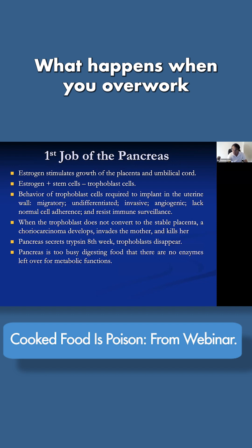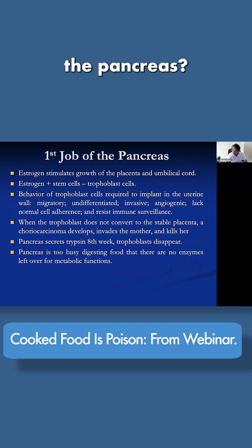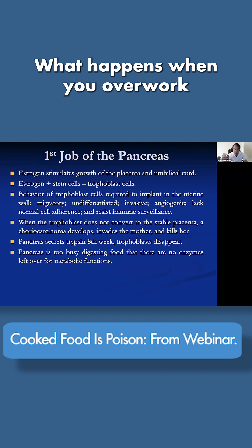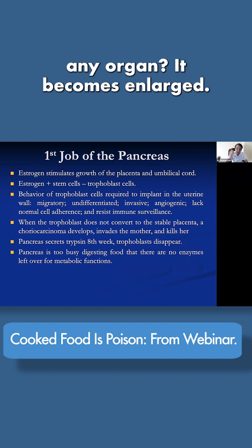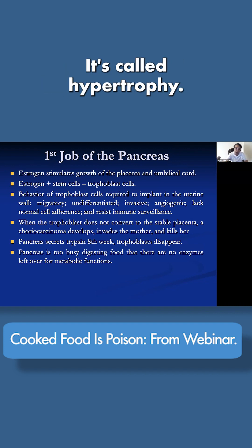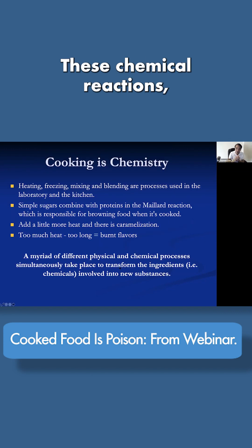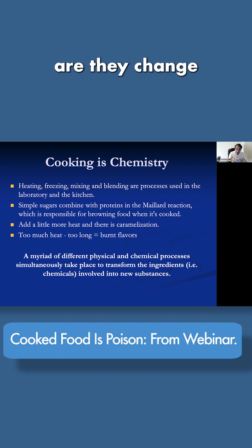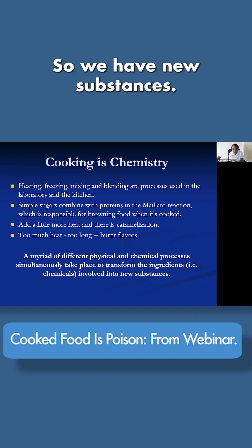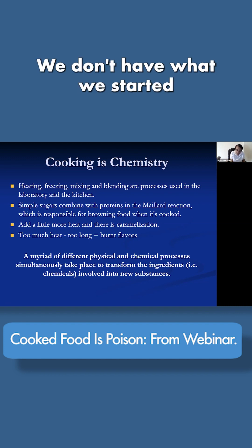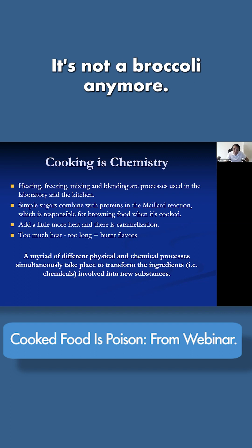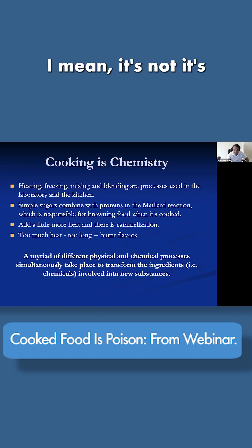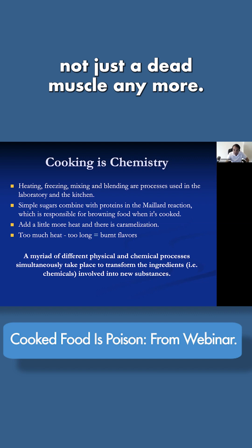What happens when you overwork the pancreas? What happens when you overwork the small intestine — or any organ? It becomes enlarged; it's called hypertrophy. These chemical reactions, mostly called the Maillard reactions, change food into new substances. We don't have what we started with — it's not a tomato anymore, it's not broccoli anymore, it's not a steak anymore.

──────

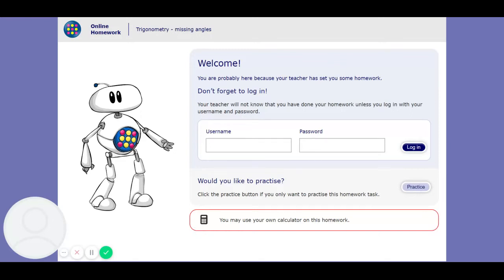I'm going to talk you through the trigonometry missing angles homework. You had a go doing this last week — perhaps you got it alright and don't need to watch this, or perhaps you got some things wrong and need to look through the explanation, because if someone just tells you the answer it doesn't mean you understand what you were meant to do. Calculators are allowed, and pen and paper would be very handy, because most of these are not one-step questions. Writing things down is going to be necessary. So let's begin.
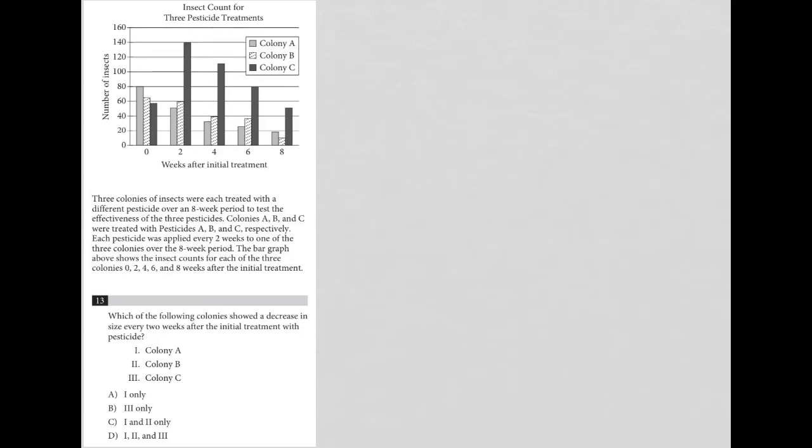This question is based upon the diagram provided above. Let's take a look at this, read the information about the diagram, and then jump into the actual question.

──────

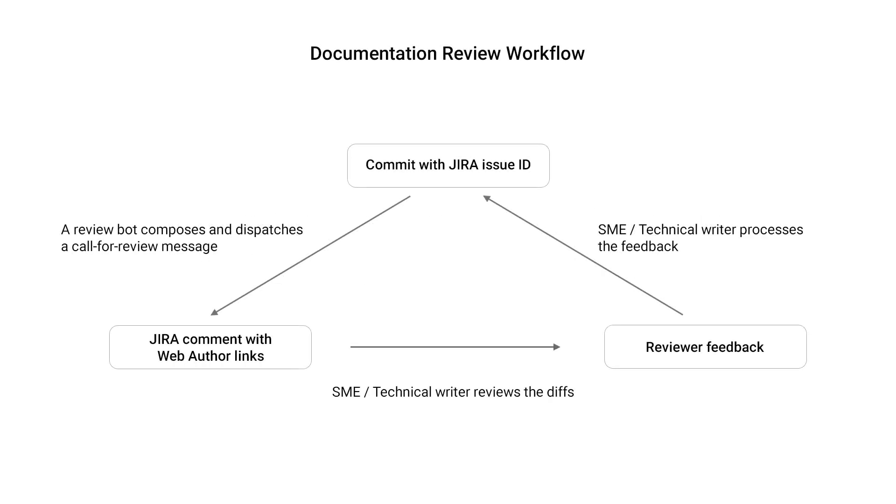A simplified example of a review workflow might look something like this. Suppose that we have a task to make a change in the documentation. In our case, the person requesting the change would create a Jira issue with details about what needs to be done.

──────

▶ [Required work]: Repeat, without pictures, exactly the lines of the data above from the one containing "I'm going to" through the one containing "This question is", including both and adding nothing.

▶ [Response]:
I'm going to talk you through the trigonometry missing angles homework. You had a go doing this last week — perhaps you got it alright and don't need to watch this, or perhaps you got some things wrong and need to look through the explanation, because if someone just tells you the answer it doesn't mean you understand what you were meant to do. Calculators are allowed, and pen and paper would be very handy, because most of these are not one-step questions. Writing things down is going to be necessary. So let's begin.
This question is based upon the diagram provided above. Let's take a look at this, read the information about the diagram, and then jump into the actual question.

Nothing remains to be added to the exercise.